In past one week, the stock of state-owned oil exploration firm outperformed the market by gaining 11 per cent against 0.30 per cent decline in the S&P BSE Sensex. It recovered 13 per cent from its 52-week low of Rs 129 touched on February 14, 2019, on the BSE in intra-day trade.
ONGC reported a 65 per cent jump in net profit at Rs 8,263 crore in Q3FY19, as higher prices made up for a fall in oil output. It had a profit of Rs 5,015 crore in the same period of the previous fiscal. The net sales during the quarter up by 20 per cent at Rs 27,694 crore, as compared to Rs 22,996 crore in previous year quarter. The company got USD 66.38 for every barrel of crude oil it sold in the quarter, 13.6 per cent higher than USD 58.42 per barrel realisation a year ago.

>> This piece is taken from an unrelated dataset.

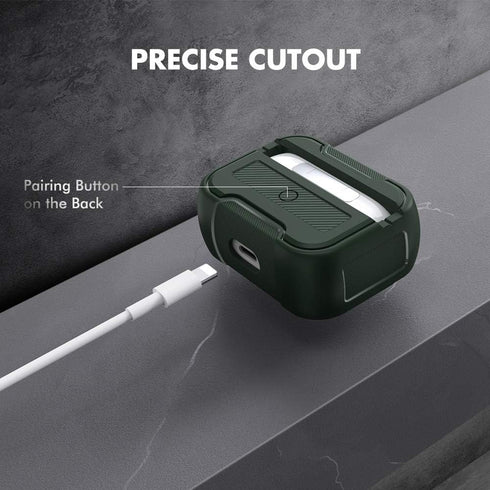 AhaStyle AirPods Pro Case Cover Rugged Hard Shell Protective Case Cover Accessories Shockproof Compatible with Apple AirPods Pro 2019(Midnight Gre...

Analysts expect the movement in oil prices and the government’s decision on subsidy sharing will decide ONGC’s performance, going ahead.
“We have assumed that nil subsidy burden due to decline in oil prices and increased oil subsidy allocation in budget. We model crude oil prices of US$ 65/bbl for rest of FY19E and FY20E, given the current oil market scenario and have built in net realisations of US$ 64.5/barrel for FY20E. However, given the election year uncertainty, inspite lower valuation, we have a HOLD rating on the stock at the current levels with a target price of Rs 153 per share on an EPS of | 22 for FY20E,” analysts at ICICI Securities said result update.
“A $60-70/bbl oil price environment in a weak INR environment is broadly positive for the stock price, in our view, as it allows investors to price in a steady earnings outlook without the risk of subsidy burden on the company. ONGC’s gas realizations should increase further into FY20 given the lagged flow through of gas prices,” analysts at JP Morgan said in a report dated February 15.
The brokerage firm expects production growth should pick up from here. FY19 saw crude production growth impacted negatively as rig issues impacted production.
“As the rig issues are resolved we would expect crude production to pick up materially into FY20,” it added. The brokerage firm, however, maintains ‘overweight’ rating on the stock with a revised target price of Rs 210 from Rs 250 earlier.
Analysts at Elara Capital reiterate Buy rating as the brokerage firms expect ONGC to outperform with rising gas supply and prices. It raise target price to Rs 203 from Rs 196, as it lower long-term oil production, offset by the increase in long-term net crude realization at USD 56/bbl from USD 51/bbl, given the brokerage firm believes lower risk of upstream subsidy burden due to higher FY20 oil subsidy provision of Rs 37,500 crore by the government.